SACRAMENTO, May 20 (UPI) -- The California General Assembly unanimously passed a bill supporters said would allow bio-cremation to serve as a human remains disposal choice.
Gov. Arnold Schwarzenegger has not expressed an opinion on the bill, the Sacramento Bee reported Thursday.
"This is going to be a whole new industry that's going to really help California, and help families that want choices in their end-of-life options," Assemblyman Jeff Miller, the bill's sponsor, said.
Miller's measure would allow mortuaries to dissolve dead bodies in an environmentally friendly way through alkaline hydrolysis, a process involving a combination of water pressure, heat and alkalinity that is more familiarly known as bio-cremation, the Bee reported.
Bio-cremation would probably cost a few hundred dollars more than incineration, but thousands less than a conventional funeral service and burial.
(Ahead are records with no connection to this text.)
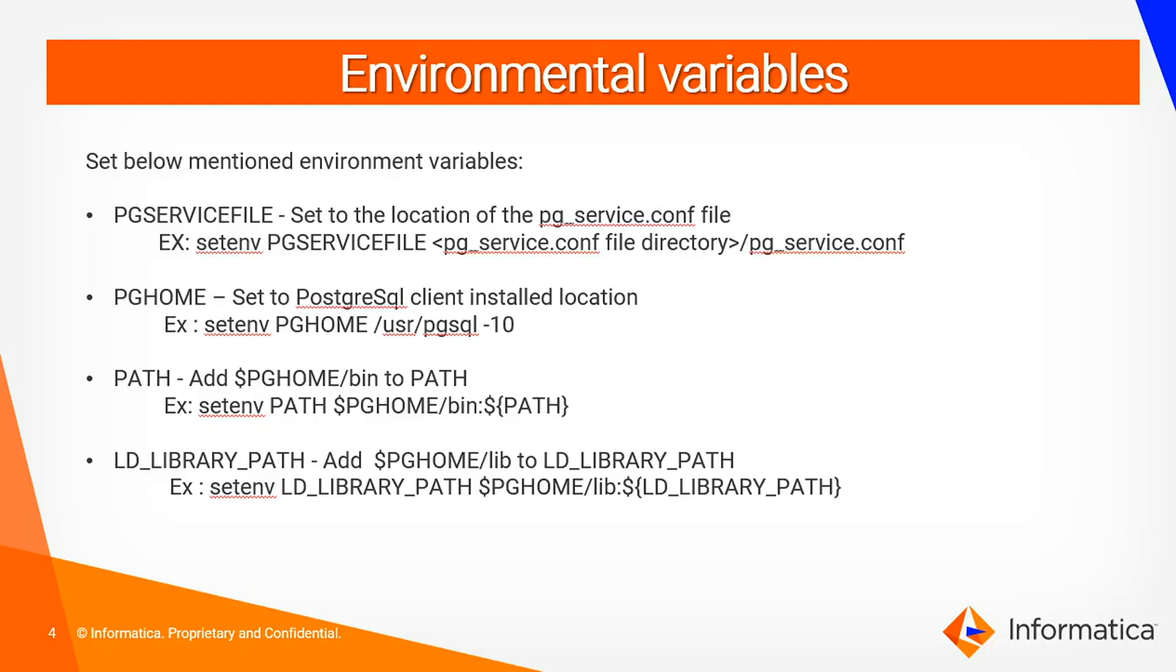Before we create a repository service in the admin console, we need to set a few environment variables to configure native connectivity. These are the few variables which are mandatory. First one is PGSERVICEFILE. This environment variable should point to the pg_service.conf file which will have information about the database.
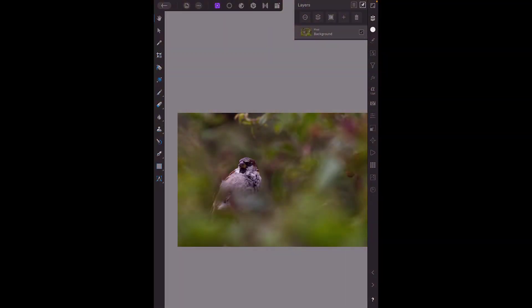Hello and welcome to this Affinity Photo iPad tutorial and this is the Beginner's Guide Part 6. Now I want to look at macros, using macros and downloading macros.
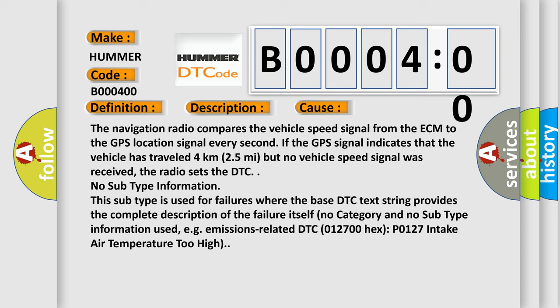No subtype information. This subtype is used for failures where the base DTC text string provides the complete description of the failure itself. No category and no subtype information used, e.g., emissions related DTC 012700 hex P0127 intake air temperature too high. The airbag reset website aims to provide information in 52 languages.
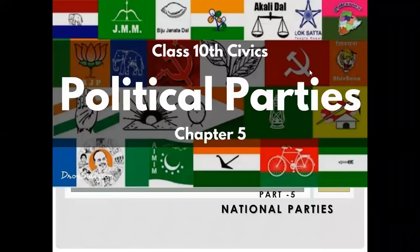We are doing a lecture series of class 10 civics and the chapter which we are studying is political parties. This is the fifth part of this lecture series where we are going to study about what are national parties.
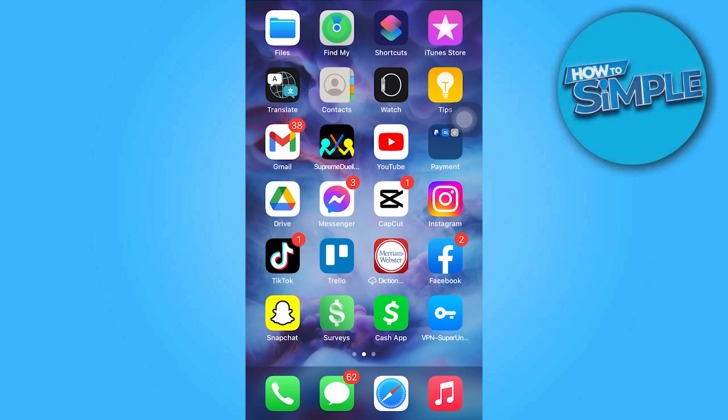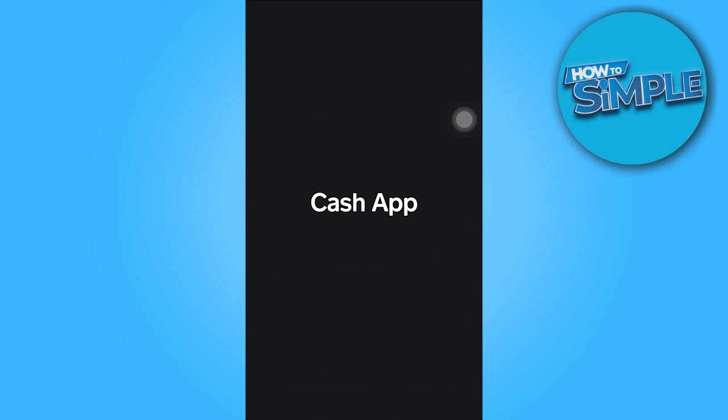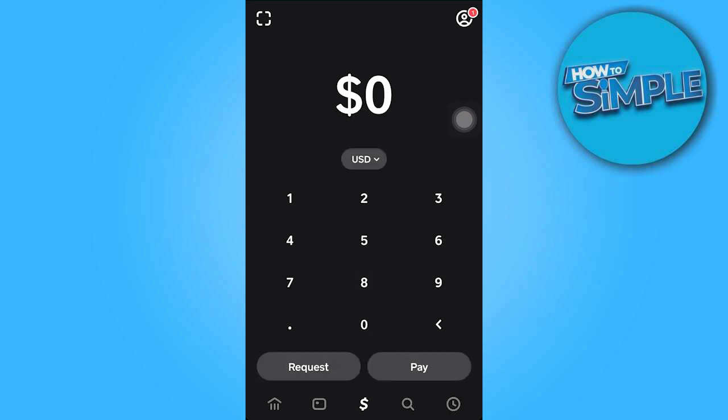In today's video tutorial, I'm gonna walk you through how to change Bitcoin address on CashApp. It is common for the Bitcoin wallet address provided by CashApp for sending payments to change periodically. This practice is implemented by CashApp to ensure privacy and enhance security.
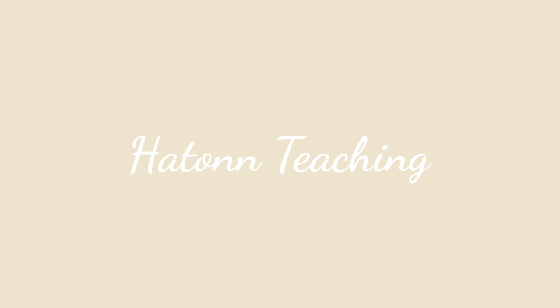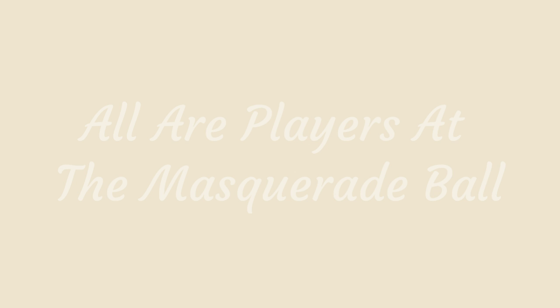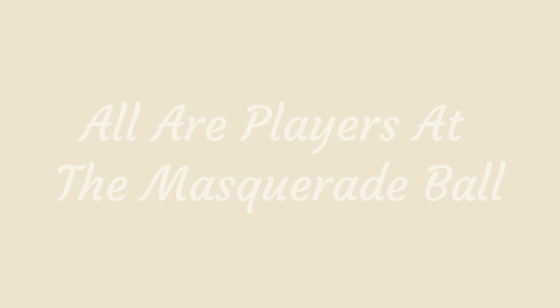I am Hatton, and I am with this instrument. Once again, it is our privilege to greet you in love and light.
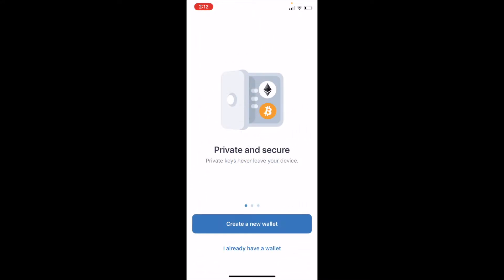Now we're going to create a brand new wallet. For you new folks to cryptocurrency, a wallet is a digital storage place for your cryptocurrencies. Basically, what we're doing is we're just setting up a nice secure location where you can store the cryptocurrencies that you're purchasing or trading. So let's go ahead and click on Create a New Wallet.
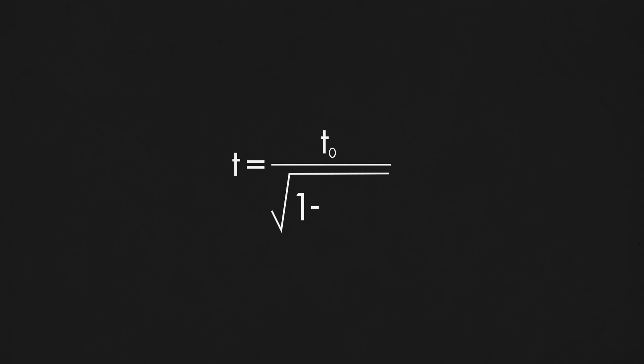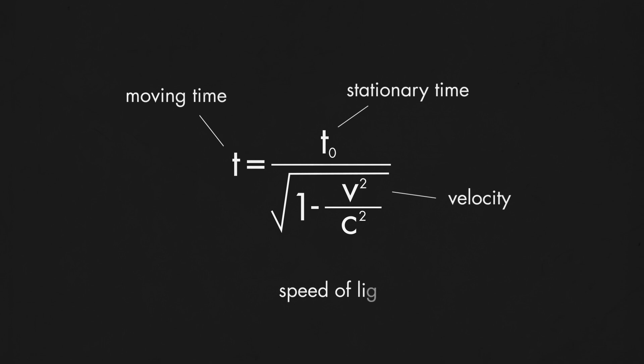Thanks to Einstein's dilation equation, the clocks on the satellites are intentionally set on a different frequency of ticking than the Earth clock. Therefore, they always show exactly the same time to avoid time collision. It shows that in theory, it is possible to travel in time.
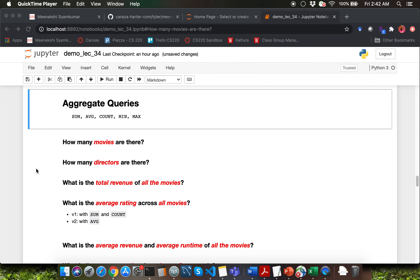Hello everyone. Let's go through the questions about the new topic of aggregation. Aggregation is just a fancy word for summarization. We are going to be using the keywords sum, avg, count, min, and max for performing aggregation tasks.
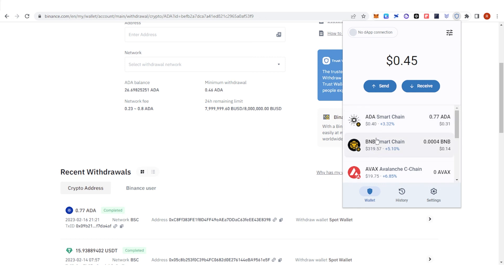And if you have any questions about how to transfer Cardano from Binance to Trust Wallet, leave a comment below.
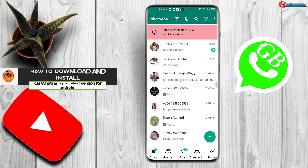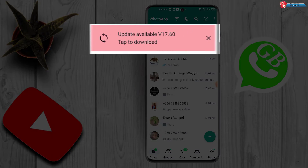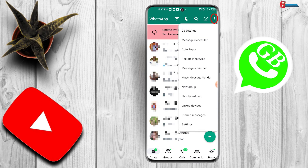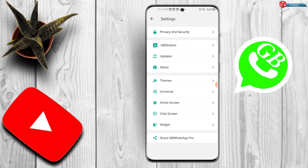How to download and install GB WhatsApp Pro latest version for Android. Here you can see updates are available for this app. To update it, click on these three dot lines, tap on GB Settings, then tap on Updates.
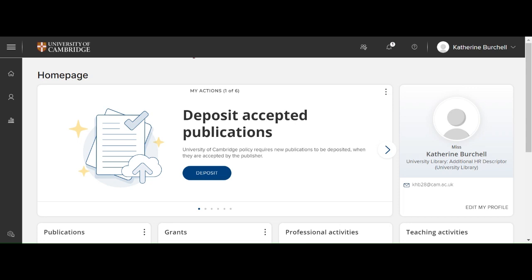I'm now going to show you how to deposit your thesis into Symplectic Elements. Symplectic Elements is used to deposit your thesis. You'll need to make sure that you've got your mobile device on hand in case you need to use multi-factor authentication in order to log in to Symplectic Elements.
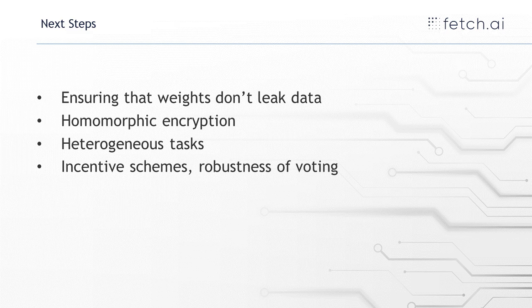Another is making this work for heterogeneous tasks. So that means that everyone's not working on exactly the same task here. In the demo that I showed you, everyone's working on the same task, they're all trying to classify x-rays into pneumonia or not pneumonia. But they could still share useful updates, even if they were working on slightly different tasks.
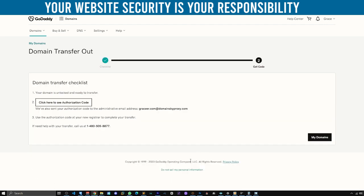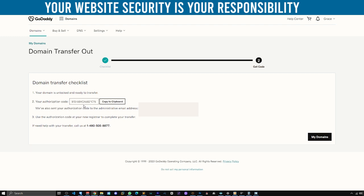Next you'll have this screen. Your domain is unlocked and ready to transfer. Click here to see the authorization code. We have sent your authorization code to the admin email. Click here — you can see the authorization code. I'm going to copy that.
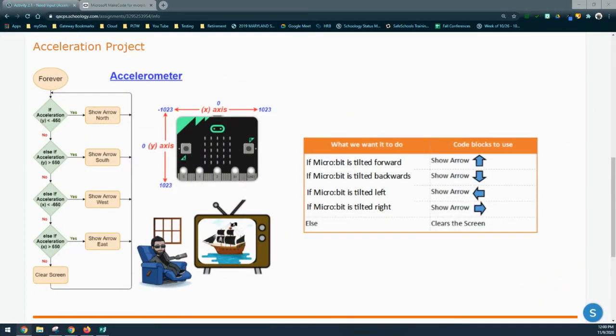Now that we know a little more about how the compass and accelerometer are used on the microbit, let's look at the acceleration project we're going to be completing. We're going to use microbit movement to get arrows to point either up, down, left, or right. To do that we need to understand how the accelerometer is used. We'll be focusing on two axes: the x-axis, which is applied when the microbit is tilted left or right, and the y-axis, when tilted forward or back.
The process results in a non-harmful sterile liquid that can be disposed of at a water treatment plant, the newspaper said.
"There's no smoke, no emission, no carbon footprint, nothing left to destroy the Earth," Chris Miller, owner of Thomas Miller Mortuary, said.
Bio-cremation is legal in Minnesota, Maine, Florida, and Oregon, Jessica Koth of the National Funeral Directors Association said.